What needs transcribing is the line with "Feelin' Cute Panda Cotton Tote Bag" and every line after it to the end of the records, exactly and alone, with no pictures.

====== Records to process ======

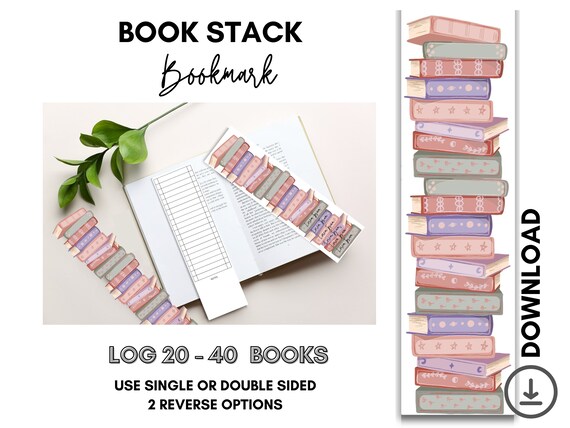 Book Reading Tracker, Printable Bookmarks, Bookshelf Tracker, Bookshelf Bookmark,Bookstack Bookmark, Book Tracker,Book Log Bookmark,Book Log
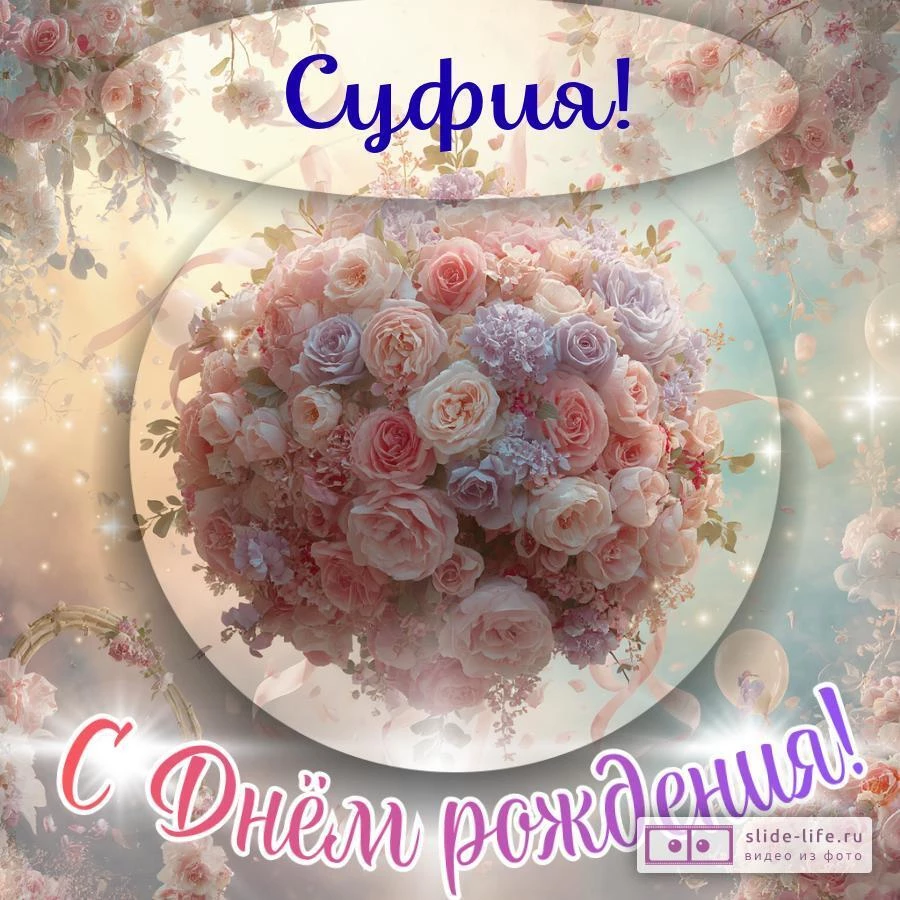 Суфия, с Днём рождения! Элегантная открытка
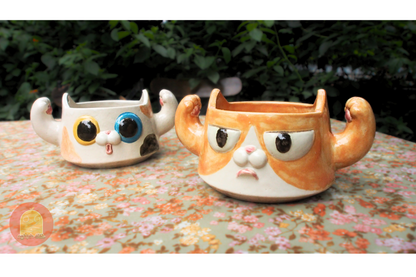 Mug-bowl Cat Mowl - Nghich Dat - Clay Play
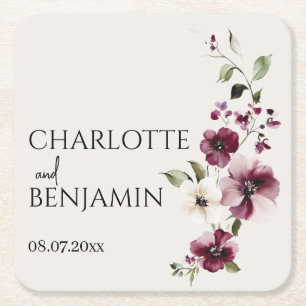 Rustic Garden Elegant Wedding Paper Coaster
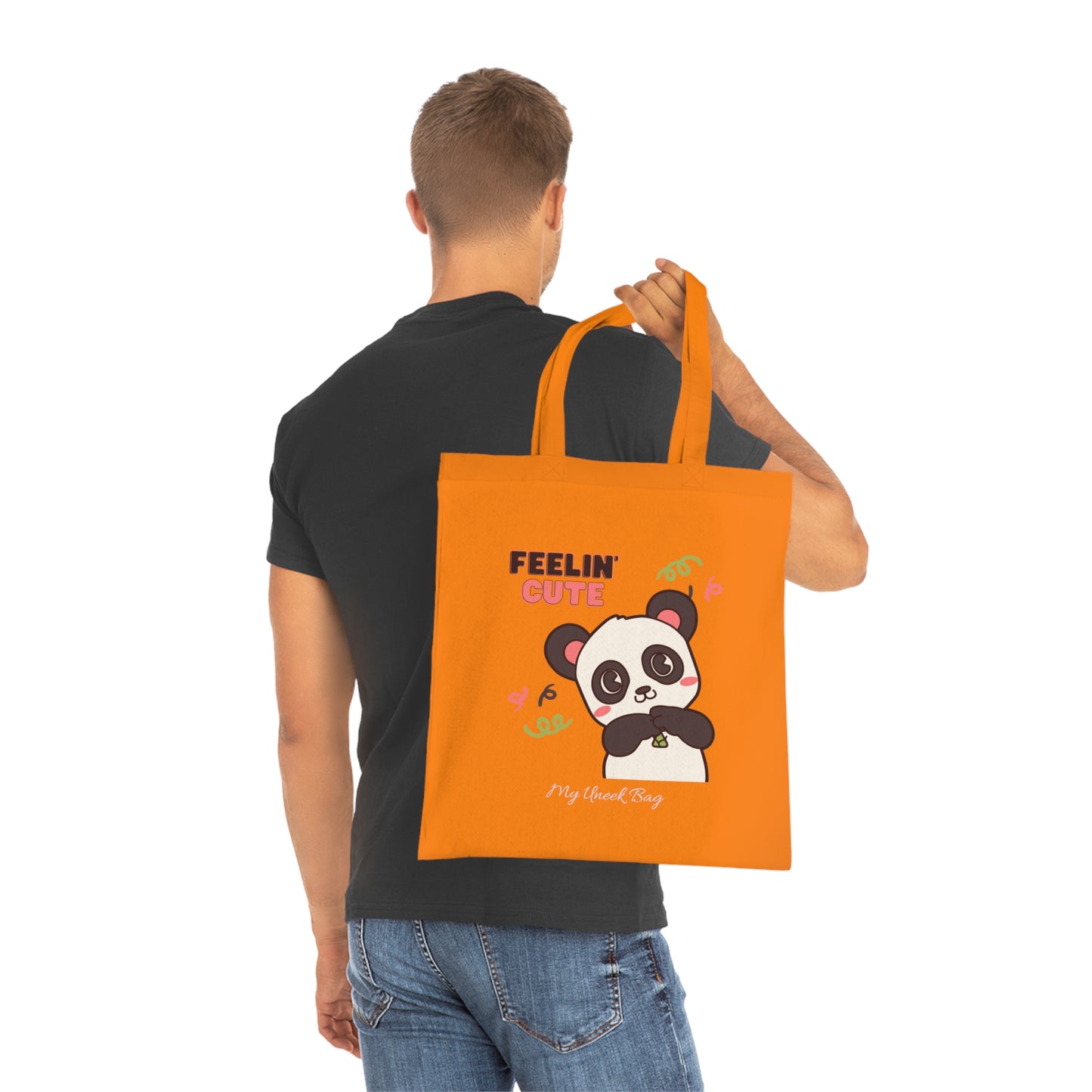 Feelin' Cute Panda Cotton Tote Bag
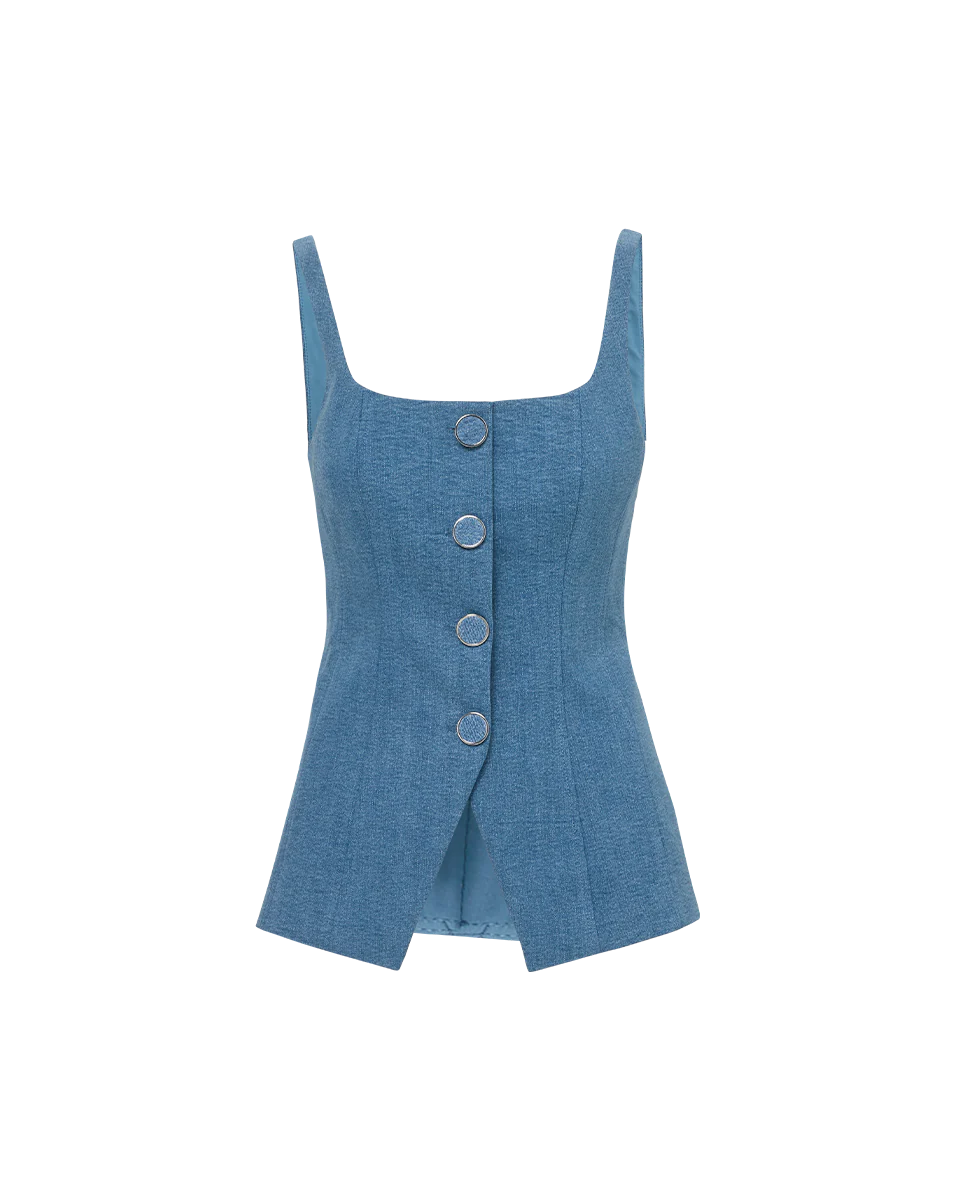 VER Denim Square Neck Top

======

= Your response =
 Feelin' Cute Panda Cotton Tote Bag
 VER Denim Square Neck Top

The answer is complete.